Barring unforeseen circumstances and after examining many hundreds of applicants, hiring of final candidates for the open positions closely tied to QA (QA Engineer, Mobile QA Engineer, Volunteer Community Coordinator, Bug Wrangler) should all be complete within days. These new hires will greatly accelerate QA work in the near future. On the testing front, several key extensions are now being deployed automatically to the beta labs test environment, with AFTv5 to be the first key extension fully hosted on on beta in order to retire the prototype test host, which has become obsolete. This month also saw a renewed focus on browser test automation with the creation of an automated test for the UploadWizard extension being used by both QA and at least one WMF developer. This work will be extended and refined by the new QA Engineer in the very near future.

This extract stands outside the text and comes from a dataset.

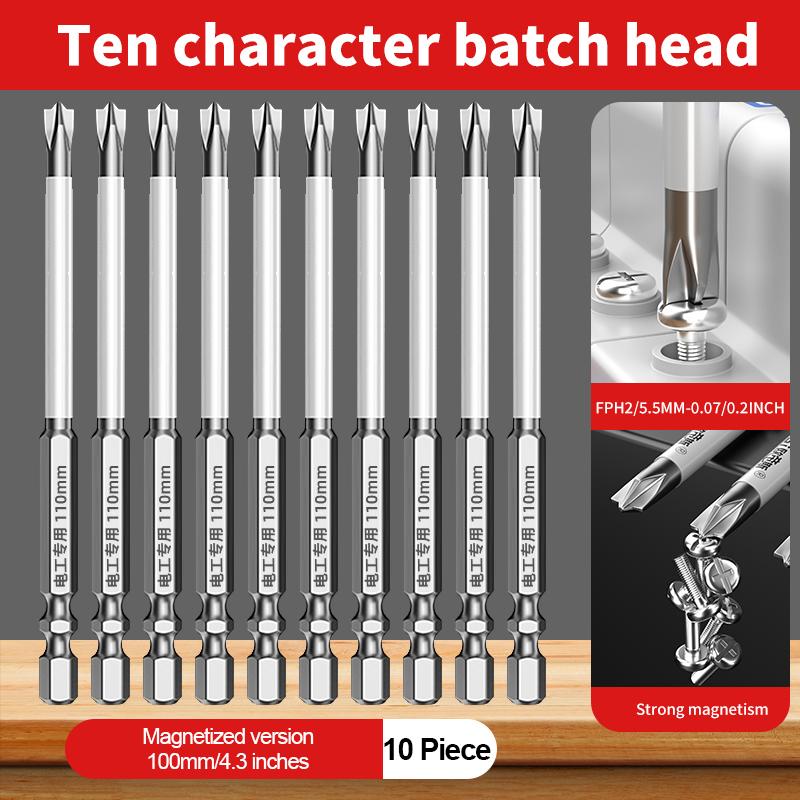 5PC 65mm 110mm Magnetische Spezielle Schlitz Kreuz Schraubendreher Bit Für Elektriker Für Steckdose Schalter Hand Werkzeuge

In September, QA Lead Chris McMahon announced that the Beta cluster is a fit test environment: code is routinely deployed there ahead of production, the test environment emulates the production environment closely, and we can easily and reliably manipulate aspects of the test environment (configuration, permissions, etc.) for testing purposes. Also, bits.beta.wmflabs.org is now fully managed by puppet. It serves MediaWiki and its extensions assets, as well as geographical lookup of IP addresses. Some work remains to be done (performance tuning, configuration) but the infrastructure is in place for software testing and browser test automation.
Antoine is integrating a new Gerrit/Jenkins gateway to let us finely tune how we trigger jobs in Jenkins. The system comes from OpenStack and is written in Python. Also, we've set up the new gateway on Labs. The production jobs are being migrated to use the new system. The Gerrit tool will need some upstream patches, and the way to get them onto our production server is being discussed with Chad Horohoe. Timo Tijhof has rewritten the testswarm-browserstack bridge in preparation for a more scalable deployment with automated browser worker creation and termination following the TestSwarm queue. This is currently being tested at integration.wmflabs.org.

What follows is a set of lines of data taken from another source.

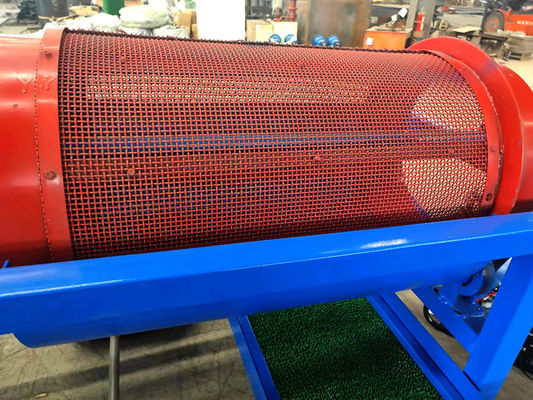 Мини портативный золотой барабан для небольшой мощности Алювиальный завод по промыванию золотого песка 10 т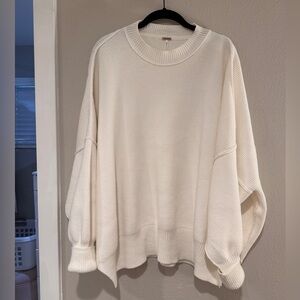 Free People White Sweater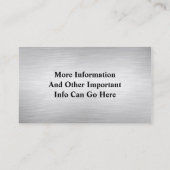 Wereldwijde Visitekaartjes (Achterkant)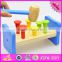 2016 new design baby wooden beat pile,fashion kids wooden beat pile W11G029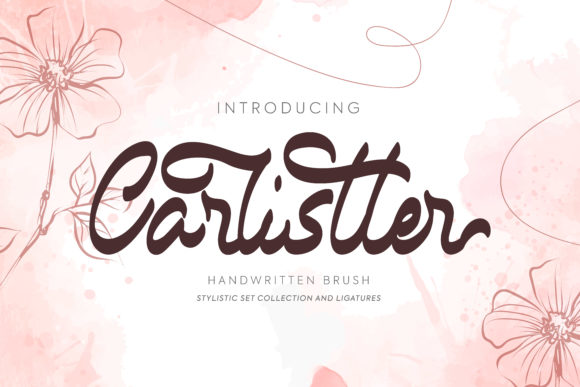 Carlistter: The Bold Handwritten Font for Powerful Branding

Sumana Harihareswara is coordinating WMF engineers' efforts to spend 20% of their work time on code review and other efforts benefiting the entire Wikimedia engineering community. Some teams were exempt in September from the 20% policy, because of pressing deadlines. Also, the discussion of 20% time during the yearly all-engineering meeting included debate of various alternate proposals. Sumana Harihareswara will be writing and circulating a suggested way forward in October.
The Wikidata team is working on the last parts of a first deployment and the code is currently being reviewed by WMF engineers. Anja Jentzsch has joined the team and focuses on quality and the deployment of Wikidata. On the coding side, a lot has been done, including work on edit conflicts and permissions, and reworking the special page to create new items. Work on phase 2 of Wikidata (infoboxes) has also started. This includes for example the ValueHandler extension, which will be used for our data values. The team has also met with a group of database experts from different projects to get their input for phase 2 and 3.
The engineering management team continues to update the Software deployments page weekly, providing up-to-date information on the upcoming deployments to Wikimedia sites, as well as the engineering roadmap, listing ongoing and future Wikimedia engineering efforts.